SweetOps #sre for September, 2019

Cheers. We’re using kube-prometheus (jsonnet) and that project has it as a first class extension so should be fine. Just waiting for s3. Then if we can move our logs from elastic to Loki we’re laughing. Use object storage instead of managing redundancy at block layer.

Jeremy G (Cloud Posse)

05:42:38 AM

I notice that the CoreOS Prometheus lists Thanos as a write-only backend.

Erik Osterman (Cloud Posse)

06:07:55 PM

@Jeremy G (Cloud Posse)

Jeremy G (Cloud Posse)

08:37:10 PM

@Erik Osterman (Cloud Posse) I have to wonder how good the performance is and how expensive (real money) it is to use against an S3 back end, but otherwise it looks good on paper. Maybe get @webb to try it to solve the Kubecost history storage problem

webb

10:03:11 PM

@Jeremy G (Cloud Posse) @asmito we did a deep dive ~2 months ago. Our view was… very promising project but we felt that some of the scaling issues were going to be hard for us to go over. We’re ingesting 100k+ metrics per min. We plan to revisit it soon. Happy to share more detail if it would be helpful.

Jeremy G (Cloud Posse)

10:05:27 PM

Yes, please do share some details. Is the bottleneck the performance of S3 or something else? Did you find a threshold rate of metrics that went from acceptable performance to not?

webb

10:29:12 PM

I’m sorry – I just tried to reference our notes from this experiment and I may have been mistaken actually… while we don’t have exact results on hand today, it looks like our notes show that we needed a more expressive query language for the range/scale of data we were querying. We had a general question mark around scale given that Thanos is a sandbox project, but it looks like there are no specific notes around hitting bottlenecks. My apologies. I expect we’ll revisit this soon, but for now we’re using the Postgres adapter.

2019-09-14

Erik Osterman (Cloud Posse)

11:52:17 PM

https://github.com/spotahome/service-level-operator

spotahome/service-level-operator

Manage application’s SLI and SLO’s easily with the application lifecycle inside a Kubernetes cluster - spotahome/service-level-operator

kskewes

02:22:48 AM

Great share!
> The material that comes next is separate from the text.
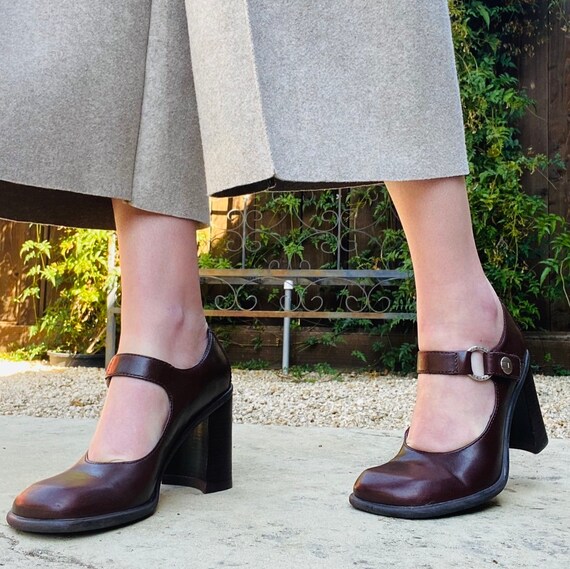 Chunky Heel Mary Janes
Looks very interesting. Neat to have multi burn rate defined too. There’s a semi recent SoundCloud blog talking about how they do it with vanilla Prometheus using recording rules etc.

spotahome/service-level-operator

Manage application’s SLI and SLO’s easily with the application lifecycle inside a Kubernetes cluster - spotahome/service-level-operator

Erik Osterman (Cloud Posse)

05:08:49 AM

I’m eager to try this one out. Love how apps can easily define their own SLI/SLO by defining a CRD.